The Red Dot
Mixed Media on Board
John Francis Stenvall was born in Wyoming in 1907 to parents of Swedish- Scotch- Irish ancestry. He earned a bachelor’s degree in fine arts at the University of Nebraska in 1931. The university awarded him a Riordan Morey fellowship to study for one year at the School of the Art Institute of Chicago (SAIC).

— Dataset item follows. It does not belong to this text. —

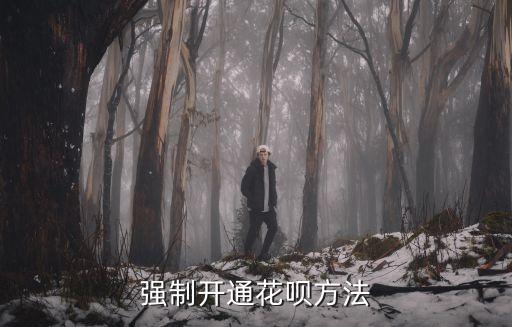 賣家怎么強(qiáng)制開通花唄，強(qiáng)制開通花唄方法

Stenvall traveled and worked odd jobs throughout the country—working on a milk route, picking apples, arranging department store window displays, as well as being employed as a clerk, a sign writer, a farmer, and a piano player in a dance orchestra. Eventually he settled in Chicago, working under the Works Progress Administration (WPA) as a painter and designer. He garnered early success for his artwork at the Art Institute annuals. In 1936, his oil painting, Home Sweet Home, was shown in the Chicago Artists 40th Annual Exhibition at the Art Institute, where it won the Robert Rice Jenkins Memorial Prize (given to an artist who had not won any previous awards and in recognition of an artwork regardless of subject or medium). The painting shows a typical Chicago street with wooden sidewalks and rising telephone poles—emblems of the city’s transition to modern technologies. His early work shows a strong sense of design and mastery of the techniques that characterize American scene painting.
Later that same year, in November, New York gallerist Edith Halpern discovered Stenvall’s work in a WPA exhibition, and included him in her Downtown Gallery’s 10th anniversary exhibition. The show was divided into two sections: the first displayed work by six well-established American artists, including John Marin, Georgia O’Keefe, and Charles Sheeler. Stenvall’s work was featured in the second section alongside twelve other emerging artists from around the country. He was given a solo exhibition at the Downtown Gallery in 1937 and continued to show there until 1940. His association with the Downtown Gallery helped him gain prominence in the New York art scene.
Stenvall’s talent was equally recognized in Chicago. As critic Eleanor Jewett wrote in 1938: “John Stenvall is one of our younger artists on whom it will be wise to keep an eye. He seems to have greater ability, better taste, and a more wholesome viewpoint than the majority of the young moderns.”
After serving in the military from 1942 to 1945, Stenvall attended Stanford University in California under the G.I. Bill, receiving an advanced degree in art education in 1952. He then returned to Chicago to resume teaching. In the early 1960s, Stenvall moved to Santa Cruz, California, remaining there until his death in December 1998.